### Task brief
Repeat exactly, and nothing more, the lines from the one that includes "Metal Garden Arch" through the final line of the entries; skip the pictures.

=== Exercise inputs ===

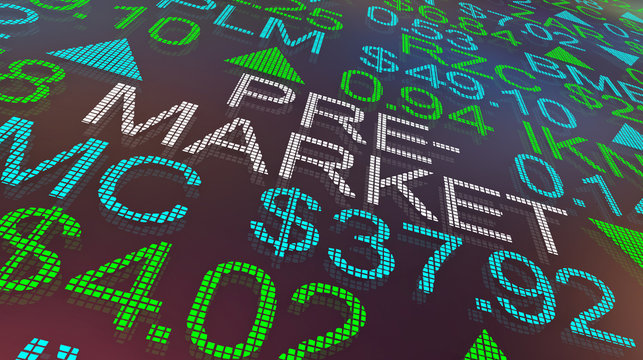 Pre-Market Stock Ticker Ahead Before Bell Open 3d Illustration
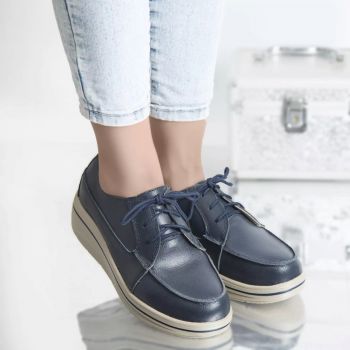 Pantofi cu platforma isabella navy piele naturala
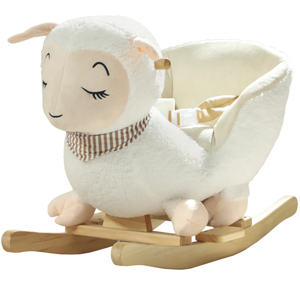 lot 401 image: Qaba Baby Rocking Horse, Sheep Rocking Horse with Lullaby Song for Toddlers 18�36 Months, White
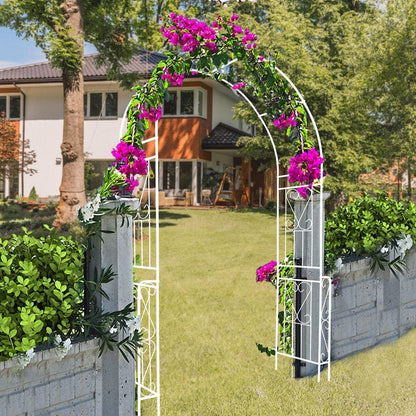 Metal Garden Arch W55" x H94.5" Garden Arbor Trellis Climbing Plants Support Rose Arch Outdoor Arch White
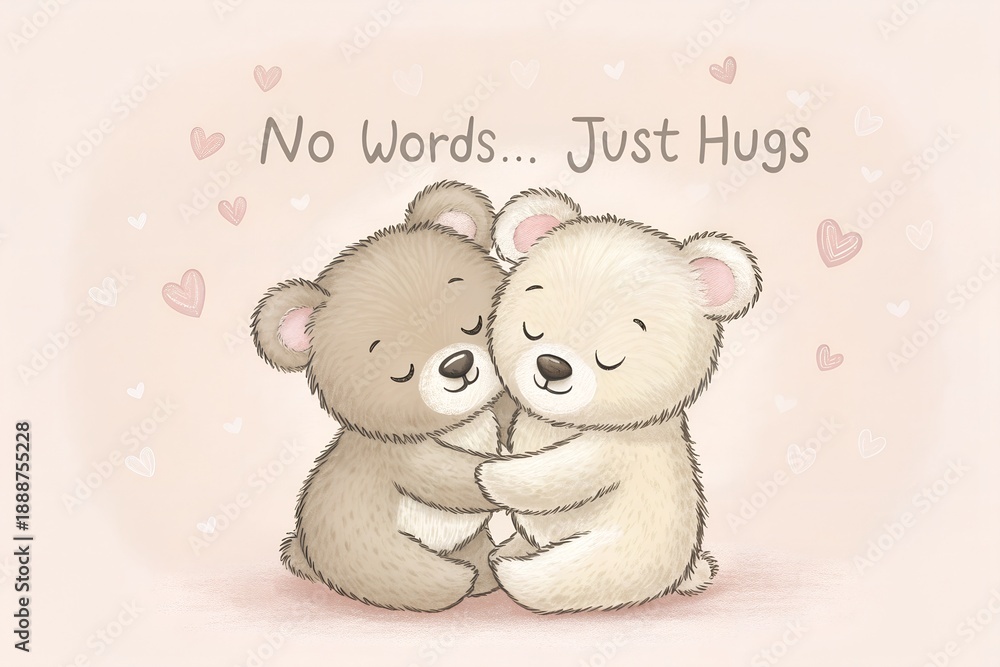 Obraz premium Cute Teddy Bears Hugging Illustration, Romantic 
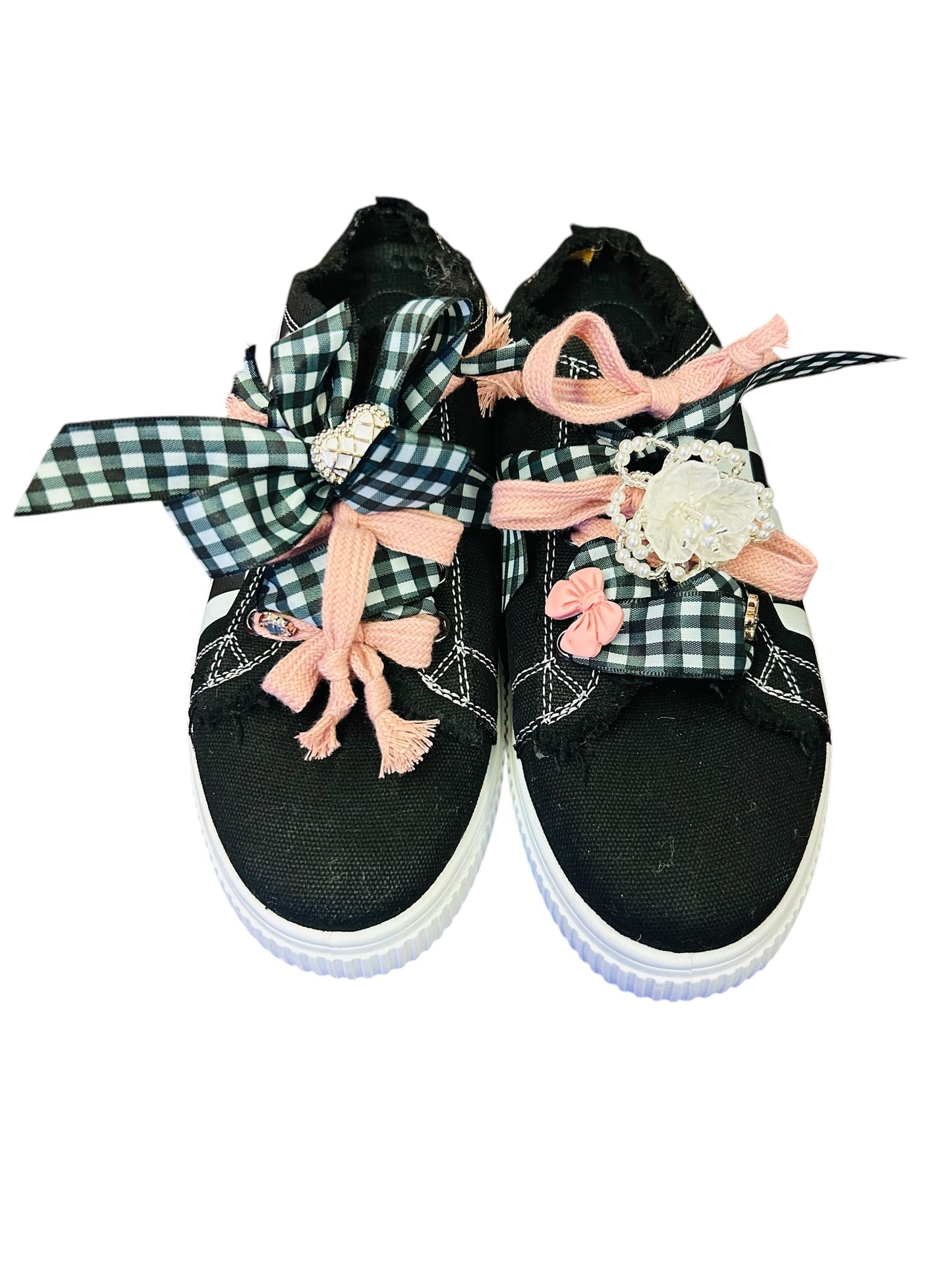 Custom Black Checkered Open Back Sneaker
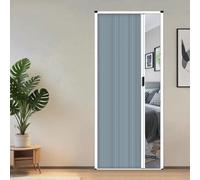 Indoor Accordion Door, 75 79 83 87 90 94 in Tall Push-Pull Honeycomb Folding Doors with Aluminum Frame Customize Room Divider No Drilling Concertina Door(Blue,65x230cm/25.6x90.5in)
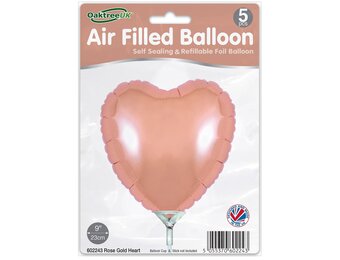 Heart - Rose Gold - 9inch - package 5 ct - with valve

===

### Result
 Metal Garden Arch W55" x H94.5" Garden Arbor Trellis Climbing Plants Support Rose Arch Outdoor Arch White
 Obraz premium Cute Teddy Bears Hugging Illustration, Romantic 
 Custom Black Checkered Open Back Sneaker
 Indoor Accordion Door, 75 79 83 87 90 94 in Tall Push-Pull Honeycomb Folding Doors with Aluminum Frame Customize Room Divider No Drilling Concertina Door(Blue,65x230cm/25.6x90.5in)
 Heart - Rose Gold - 9inch - package 5 ct - with valve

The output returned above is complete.